PAL warns: Higher excise taxes on fuel means more expensive airfare

A Philippine Airlines Boeing 777-300ER. Photo courtesy of Philippine Embassy in the US.

Photo courtesy of Philippine Embassy in the US.

Flag carrier Philippine Airlines (PAL) is opposed to a plan to increase fuel excise taxes, saying this will increase overhead costs by the “billions” of pesos, and likely result in less demand for air travel.

PAL president Jamie Bautista was reacting to a proposed comprehensive tax reform program now being pursued by the Department of Finance (DOF). Part of that involved increasing the excise tax on oil products, which Finance Secretary Carlos Dominguez III said in a hearing last August remained unchanged for “two decades.”

On the first year of its implementation, the hike would bring the tax to P10 for every liter of regular gasoline and other products, including jet fuel, from about P4.50 per liter.

Bautista said he did not agree with the increase.

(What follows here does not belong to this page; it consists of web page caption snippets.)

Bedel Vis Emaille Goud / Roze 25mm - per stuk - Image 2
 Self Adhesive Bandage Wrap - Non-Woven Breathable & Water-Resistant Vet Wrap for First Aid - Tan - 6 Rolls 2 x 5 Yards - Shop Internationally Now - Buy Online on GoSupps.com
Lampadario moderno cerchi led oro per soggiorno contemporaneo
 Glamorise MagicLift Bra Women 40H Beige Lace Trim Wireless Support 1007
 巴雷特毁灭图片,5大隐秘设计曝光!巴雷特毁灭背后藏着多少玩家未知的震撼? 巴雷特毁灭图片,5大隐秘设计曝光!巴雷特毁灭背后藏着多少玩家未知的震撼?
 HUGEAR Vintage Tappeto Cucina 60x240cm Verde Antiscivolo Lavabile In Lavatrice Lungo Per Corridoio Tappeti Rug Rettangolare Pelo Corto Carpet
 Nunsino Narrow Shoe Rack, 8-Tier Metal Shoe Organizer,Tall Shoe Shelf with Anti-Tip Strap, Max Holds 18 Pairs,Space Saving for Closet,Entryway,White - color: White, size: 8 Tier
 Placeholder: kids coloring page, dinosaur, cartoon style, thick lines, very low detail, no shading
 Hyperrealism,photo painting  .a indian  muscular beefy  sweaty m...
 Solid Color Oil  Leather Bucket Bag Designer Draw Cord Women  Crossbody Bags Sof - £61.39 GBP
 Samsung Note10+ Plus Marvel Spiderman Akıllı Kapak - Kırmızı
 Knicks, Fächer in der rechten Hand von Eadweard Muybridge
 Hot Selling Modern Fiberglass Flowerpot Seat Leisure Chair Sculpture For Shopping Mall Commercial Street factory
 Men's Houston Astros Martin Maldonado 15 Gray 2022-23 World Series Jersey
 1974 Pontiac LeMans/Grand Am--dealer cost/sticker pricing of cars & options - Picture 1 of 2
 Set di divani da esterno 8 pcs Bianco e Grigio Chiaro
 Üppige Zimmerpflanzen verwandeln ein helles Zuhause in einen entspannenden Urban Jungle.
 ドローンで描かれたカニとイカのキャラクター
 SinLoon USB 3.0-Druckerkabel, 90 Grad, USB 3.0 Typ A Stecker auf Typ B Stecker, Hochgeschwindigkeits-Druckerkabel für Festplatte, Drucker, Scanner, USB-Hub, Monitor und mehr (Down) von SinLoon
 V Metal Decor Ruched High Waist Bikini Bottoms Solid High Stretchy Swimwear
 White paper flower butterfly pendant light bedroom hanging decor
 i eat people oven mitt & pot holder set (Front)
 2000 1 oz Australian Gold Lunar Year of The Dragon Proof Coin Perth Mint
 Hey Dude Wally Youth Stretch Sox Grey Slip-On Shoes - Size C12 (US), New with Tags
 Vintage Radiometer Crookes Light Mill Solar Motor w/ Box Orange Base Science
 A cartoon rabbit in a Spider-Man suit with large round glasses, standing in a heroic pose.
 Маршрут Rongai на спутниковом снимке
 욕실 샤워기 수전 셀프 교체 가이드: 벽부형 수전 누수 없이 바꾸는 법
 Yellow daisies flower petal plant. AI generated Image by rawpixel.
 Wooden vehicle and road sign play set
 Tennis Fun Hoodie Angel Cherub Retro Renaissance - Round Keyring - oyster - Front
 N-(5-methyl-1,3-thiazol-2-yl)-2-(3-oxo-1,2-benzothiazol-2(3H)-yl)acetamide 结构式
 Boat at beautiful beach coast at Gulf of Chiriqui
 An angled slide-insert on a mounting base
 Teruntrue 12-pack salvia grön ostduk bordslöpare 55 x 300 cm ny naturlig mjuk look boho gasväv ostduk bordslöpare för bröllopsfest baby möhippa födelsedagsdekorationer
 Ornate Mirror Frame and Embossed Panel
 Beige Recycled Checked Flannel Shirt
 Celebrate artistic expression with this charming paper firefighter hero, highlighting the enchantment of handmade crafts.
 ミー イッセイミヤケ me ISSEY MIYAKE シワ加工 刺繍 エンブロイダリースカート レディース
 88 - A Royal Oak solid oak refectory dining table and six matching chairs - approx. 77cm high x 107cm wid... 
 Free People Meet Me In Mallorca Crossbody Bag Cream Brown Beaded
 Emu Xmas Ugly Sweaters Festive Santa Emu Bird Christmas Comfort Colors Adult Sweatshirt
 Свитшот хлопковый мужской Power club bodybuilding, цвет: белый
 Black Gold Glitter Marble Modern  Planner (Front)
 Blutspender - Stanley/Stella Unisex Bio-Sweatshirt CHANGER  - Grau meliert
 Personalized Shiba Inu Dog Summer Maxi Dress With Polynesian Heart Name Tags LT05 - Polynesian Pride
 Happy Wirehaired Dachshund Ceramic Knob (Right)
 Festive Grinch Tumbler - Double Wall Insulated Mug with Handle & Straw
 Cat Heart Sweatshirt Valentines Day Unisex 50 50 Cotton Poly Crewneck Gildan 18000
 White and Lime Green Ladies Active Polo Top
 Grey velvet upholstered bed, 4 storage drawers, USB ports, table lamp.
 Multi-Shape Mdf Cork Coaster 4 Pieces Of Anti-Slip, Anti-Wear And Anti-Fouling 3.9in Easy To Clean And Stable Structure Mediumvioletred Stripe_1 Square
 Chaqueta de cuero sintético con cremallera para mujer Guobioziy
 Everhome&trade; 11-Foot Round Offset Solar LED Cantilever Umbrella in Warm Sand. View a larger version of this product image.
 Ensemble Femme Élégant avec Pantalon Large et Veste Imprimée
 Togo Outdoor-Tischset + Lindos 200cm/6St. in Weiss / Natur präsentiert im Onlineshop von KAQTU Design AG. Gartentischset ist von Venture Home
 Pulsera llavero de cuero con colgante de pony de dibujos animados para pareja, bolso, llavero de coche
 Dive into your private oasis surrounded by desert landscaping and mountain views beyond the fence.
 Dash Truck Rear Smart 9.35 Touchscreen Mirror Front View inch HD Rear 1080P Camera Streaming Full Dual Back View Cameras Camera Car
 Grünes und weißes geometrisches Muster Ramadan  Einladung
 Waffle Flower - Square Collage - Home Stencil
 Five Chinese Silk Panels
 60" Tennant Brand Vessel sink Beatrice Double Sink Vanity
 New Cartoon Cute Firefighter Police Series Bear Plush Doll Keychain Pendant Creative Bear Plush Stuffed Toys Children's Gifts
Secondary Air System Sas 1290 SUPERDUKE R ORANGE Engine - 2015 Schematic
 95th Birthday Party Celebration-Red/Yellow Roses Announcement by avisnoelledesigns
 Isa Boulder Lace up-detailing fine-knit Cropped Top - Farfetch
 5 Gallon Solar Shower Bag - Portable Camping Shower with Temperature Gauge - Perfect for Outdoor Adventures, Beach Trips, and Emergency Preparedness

He said it was an issue the domestic aviation industry would need to tackle, although he noted they were not yet in any talks with the DOF.

“It will cost us billions of pesos,” Bautista said on the sidelines of the recent 60th Assembly of Presidents of the Association of Asia-Pacific Airlines. He noted PAL’s excise tax bill amounted anywhere from P300 million to P500 million a year.

Since taxes would likely be passed on to consumers, this was expected to translate to lower demand, he added.

“The Philippines is a very price-sensitive market,” Bautista said. “It may affect the appetite of travellers to fly.”